## GIVEN DATA

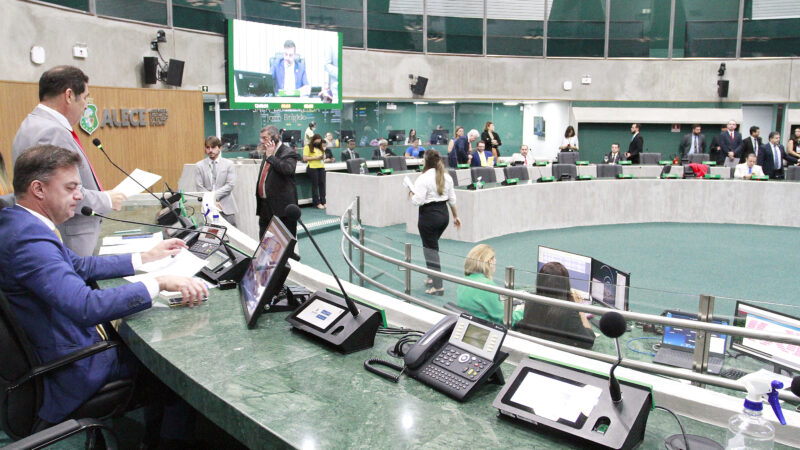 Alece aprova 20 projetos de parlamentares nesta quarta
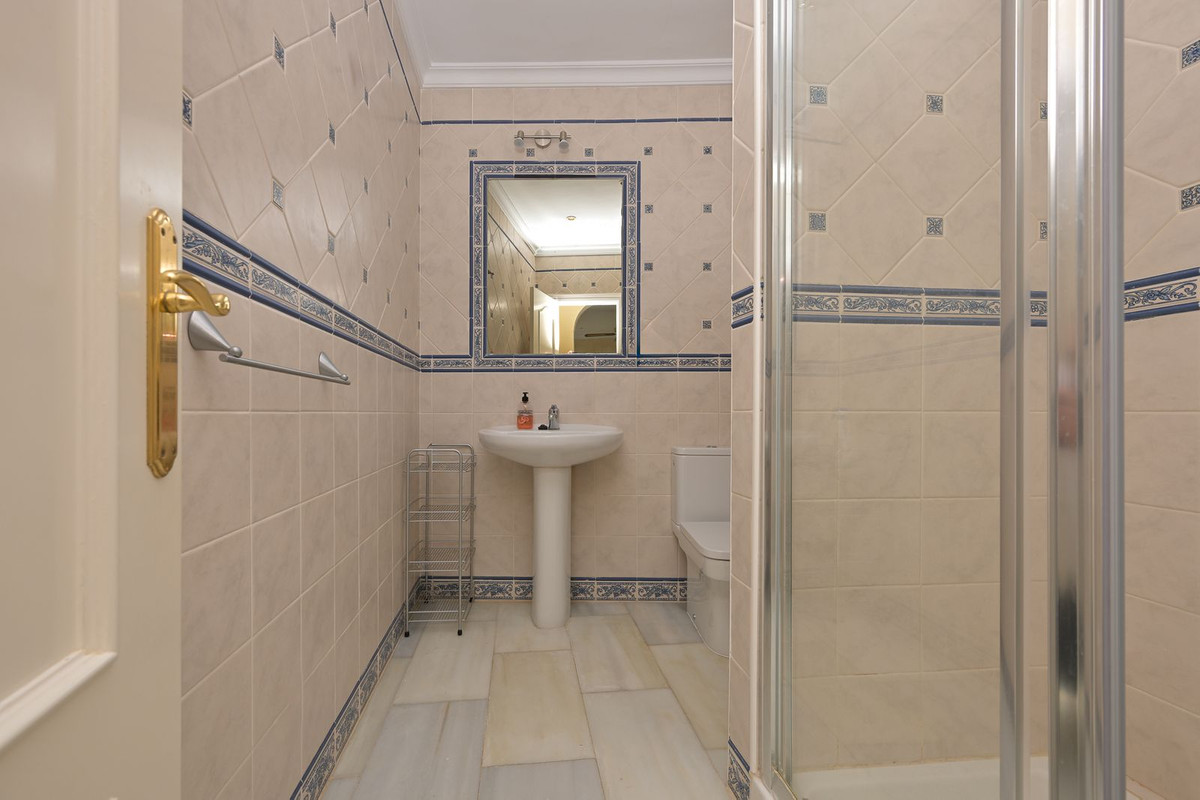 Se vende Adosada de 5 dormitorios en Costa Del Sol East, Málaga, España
==
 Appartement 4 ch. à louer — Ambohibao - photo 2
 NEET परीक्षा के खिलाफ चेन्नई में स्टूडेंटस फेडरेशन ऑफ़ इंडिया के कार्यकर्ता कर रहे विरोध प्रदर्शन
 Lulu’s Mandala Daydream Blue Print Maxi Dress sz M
==
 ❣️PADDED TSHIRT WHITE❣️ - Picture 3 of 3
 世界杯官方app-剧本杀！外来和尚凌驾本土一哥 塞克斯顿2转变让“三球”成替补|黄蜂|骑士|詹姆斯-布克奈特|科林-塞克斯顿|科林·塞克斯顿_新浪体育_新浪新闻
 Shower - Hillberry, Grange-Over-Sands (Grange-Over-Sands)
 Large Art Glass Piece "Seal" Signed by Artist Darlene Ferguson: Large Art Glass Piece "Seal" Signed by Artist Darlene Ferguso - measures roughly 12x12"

## ABOUT THIS TASK
Set down, exactly as they stand above, the lines starting with the line with "世界杯官方app-剧本杀！外" and going on through the line with "Darlene Ferguson: Large", and no others.

## SOLUTION TO THE PROBLEM
 世界杯官方app-剧本杀！外来和尚凌驾本土一哥 塞克斯顿2转变让“三球”成替补|黄蜂|骑士|詹姆斯-布克奈特|科林-塞克斯顿|科林·塞克斯顿_新浪体育_新浪新闻
 Shower - Hillberry, Grange-Over-Sands (Grange-Over-Sands)
 Large Art Glass Piece "Seal" Signed by Artist Darlene Ferguson: Large Art Glass Piece "Seal" Signed by Artist Darlene Ferguso - measures roughly 12x12"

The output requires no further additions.